The number of girls who have self harmed to the extent they require hospital treatment has doubled from 7,327 in 1997 to 13,463 last year, according to NHS data. Natasha Devon, writer and mental health activist writes in the Metro.
The figures released by ministers also reveal hospital admissions for overdoses have increased tenfold from 249 to 2,736 in the same time period.
As a campaigner who visits an average of three schools and colleges throughout the UK and beyond every week, they aren’t surprising to me. I’ve been doing this job for a decade and have seen dramatically escalating rates of stress, anxiety and emotional distress in pupils and teachers alike.
In 2016, The Times ran a front page stating the number of hospitalisations for self-harm and eating disorders had doubled in three years. The media were catapulted into an immediate frenzy, just like they have been today. The newspapers wanted to know what it was about being female that makes life harder, and questioned whether feminism had failed to embed itself into school culture.
Then Health Secretary Jeremy Hunt, meanwhile, pointed his finger firmly in the direction of social media.
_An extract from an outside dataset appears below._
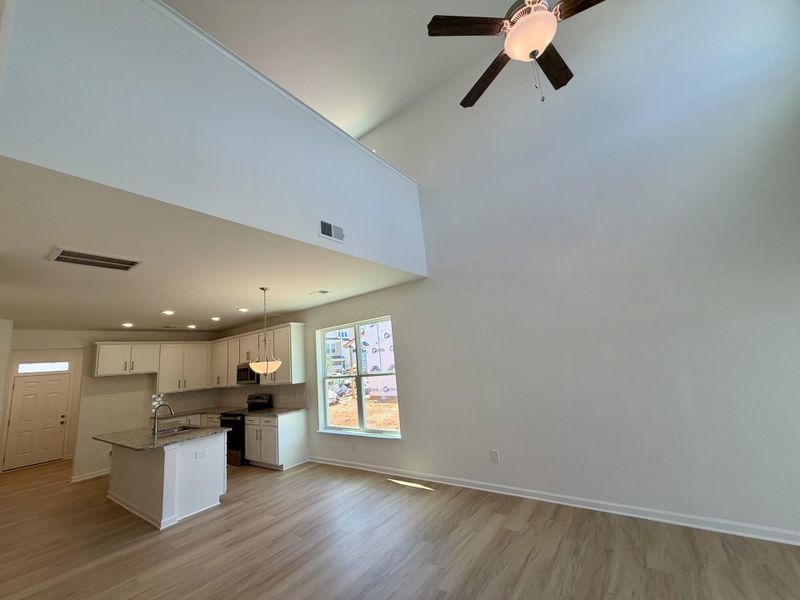 Spacious, unfurnished interior of a new home in Bellevue Townhomes, Greenville (Image 11).
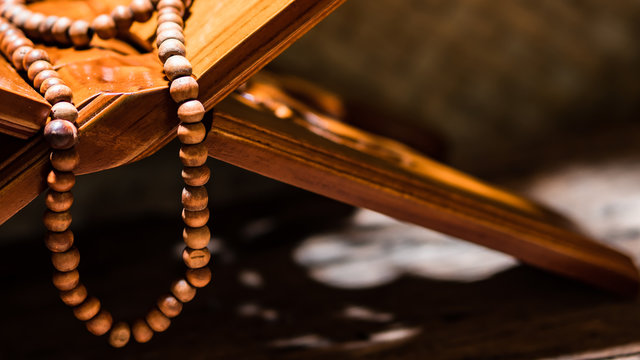 Islamic prayer beads or tasbih on rihal or quran book stand made from carved wood. It is suitable for background of Ramadan-themed design concepts or other Islamic religious events.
The Department for Education emphasised that they had invested £1.5 billion into improving mental health education in schools by 2020.
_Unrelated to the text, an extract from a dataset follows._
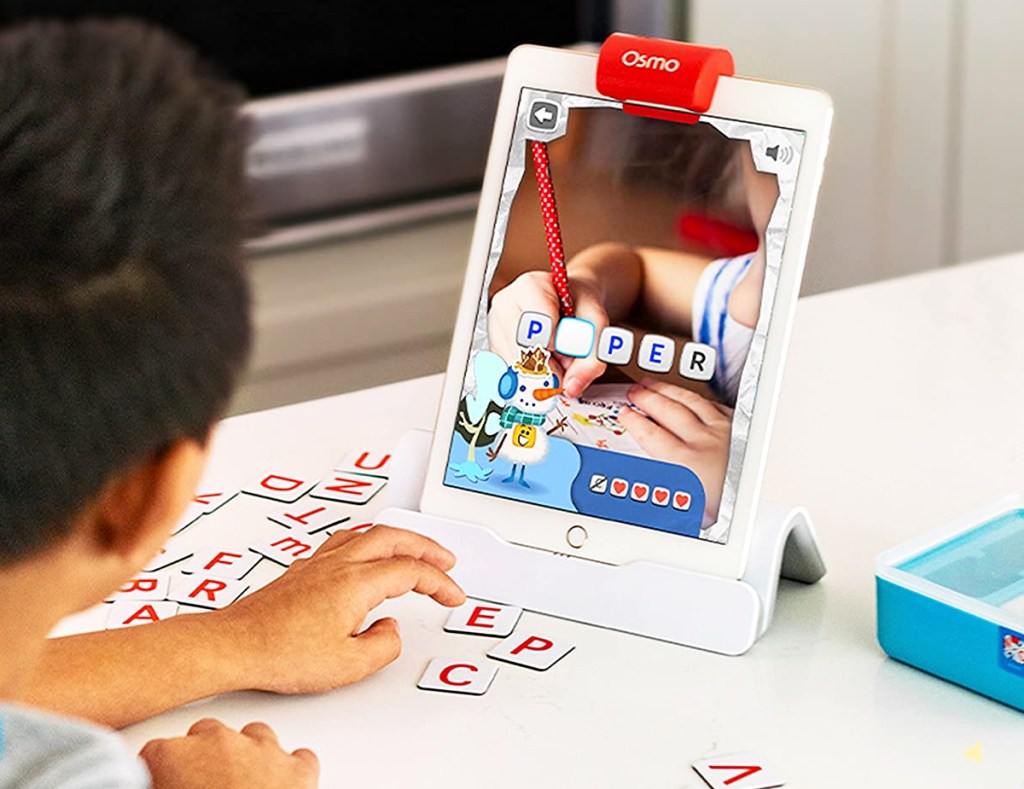 boy playing with Osmo Genius Words Game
Every one of these responses spectacularly failed to address the heart of the issue.
Of course, teenagers I work with have told me the internet taught them how to self-harm, whether through triggering imagery, pro-harm websites or well-meaning awareness-raising articles.
Yet that doesn’t explain why they are doing it – self-harm is always a communication of some form of distress. We should, therefore, be asking ourselves what is causing this distress.
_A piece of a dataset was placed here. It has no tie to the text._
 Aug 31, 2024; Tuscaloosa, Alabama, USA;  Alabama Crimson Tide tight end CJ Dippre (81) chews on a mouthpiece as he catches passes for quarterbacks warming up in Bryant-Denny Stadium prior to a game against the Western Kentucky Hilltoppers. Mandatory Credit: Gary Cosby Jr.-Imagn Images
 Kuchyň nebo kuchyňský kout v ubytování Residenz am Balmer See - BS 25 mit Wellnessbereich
The curriculum has been narrowed, testing has increased, funding and resources for subjects with therapeutic value such as art, sport, music, drama and PHSE slashed and stress placed upon teachers increased. Academic anxiety has now superseded body image worries as the primary reason young people tell me their mental health is suffering.
And while more young women attempt suicide, it remains the number one cause of death for young men under 35. It is erroneous to suggest girls suffer disproportionately – it is simply that symptoms manifest differently in different people.
In this context, Damian Hinds’ recent proposals that mental health education should be made compulsory by 2022 in the form of teachers ‘discussing resilience’ with pupils seem, to say the least, inadequate.